• _Dataset_:
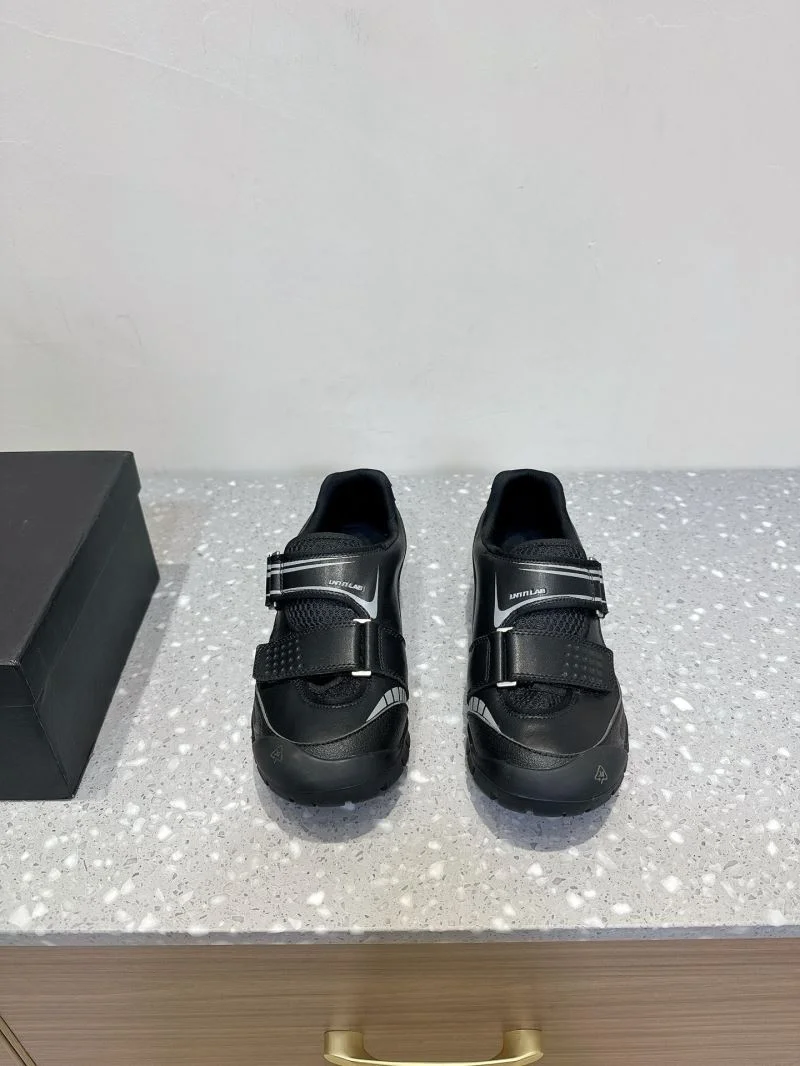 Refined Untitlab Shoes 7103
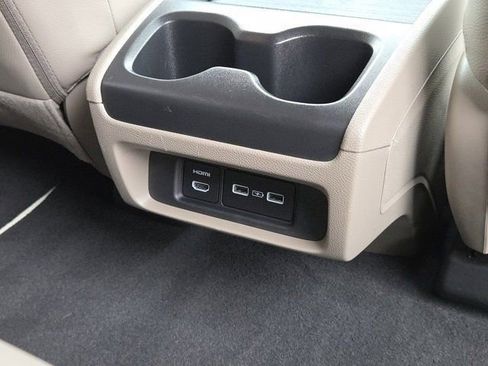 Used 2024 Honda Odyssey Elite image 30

* * *

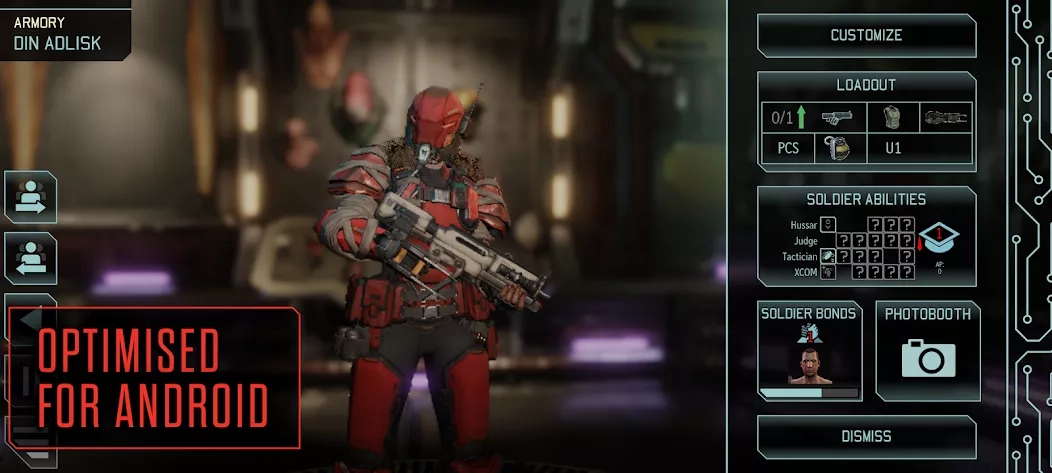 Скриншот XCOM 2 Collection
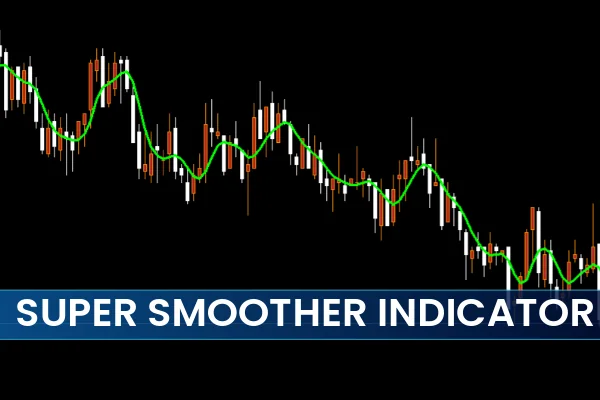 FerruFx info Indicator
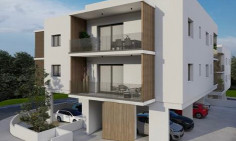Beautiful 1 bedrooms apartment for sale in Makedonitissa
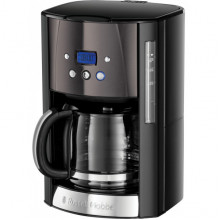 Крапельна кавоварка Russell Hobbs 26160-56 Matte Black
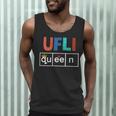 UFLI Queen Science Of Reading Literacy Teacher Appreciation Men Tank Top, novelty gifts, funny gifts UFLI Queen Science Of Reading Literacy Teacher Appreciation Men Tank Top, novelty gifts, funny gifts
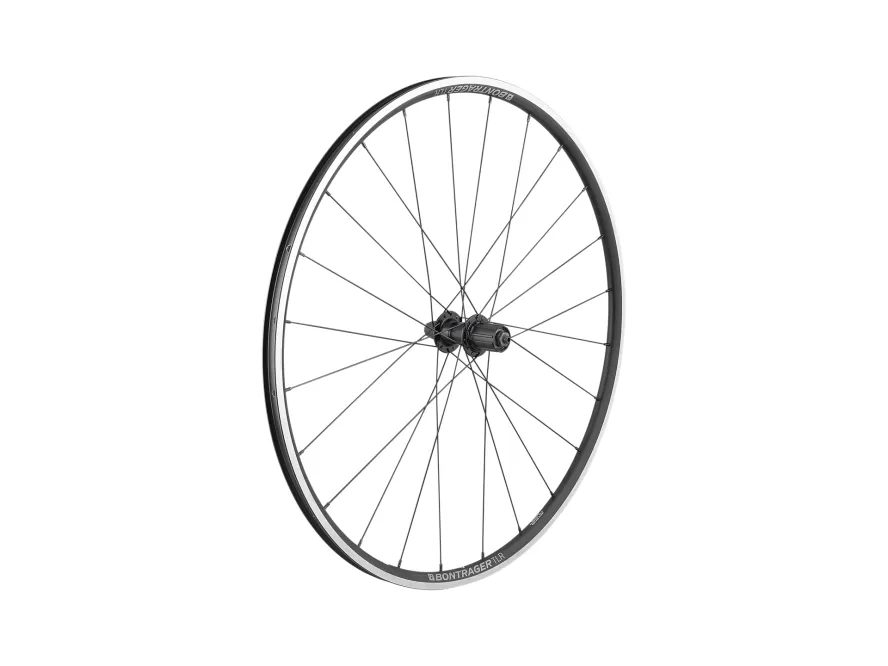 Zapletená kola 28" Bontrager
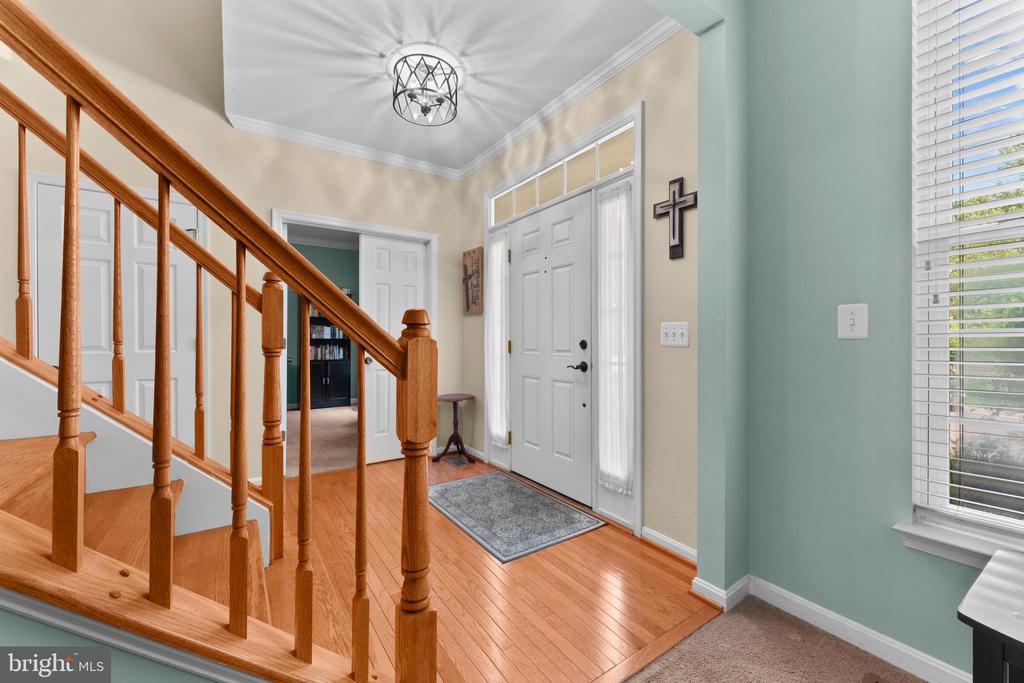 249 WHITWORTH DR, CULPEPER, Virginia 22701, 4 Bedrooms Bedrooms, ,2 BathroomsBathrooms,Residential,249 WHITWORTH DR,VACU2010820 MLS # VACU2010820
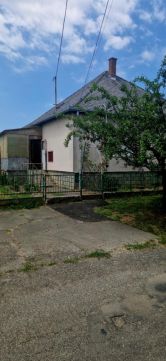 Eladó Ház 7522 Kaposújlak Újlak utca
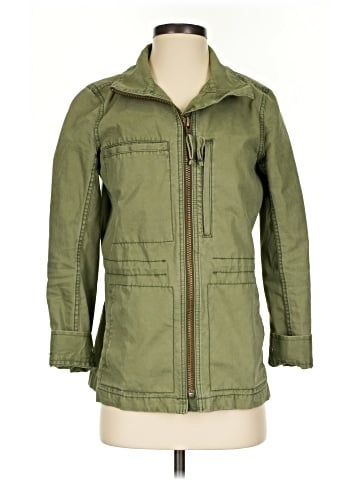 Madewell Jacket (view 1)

• _Task item_:
Leaving out all pictures, set down exactly the lines of the material above, from the line with "Refined Untitlab Shoes 7103" to the line with "Used 2024 Honda Odyssey Elite image 30" inclusive, and no others.

• _Solved exercise_:
 Refined Untitlab Shoes 7103
 Used 2024 Honda Odyssey Elite image 30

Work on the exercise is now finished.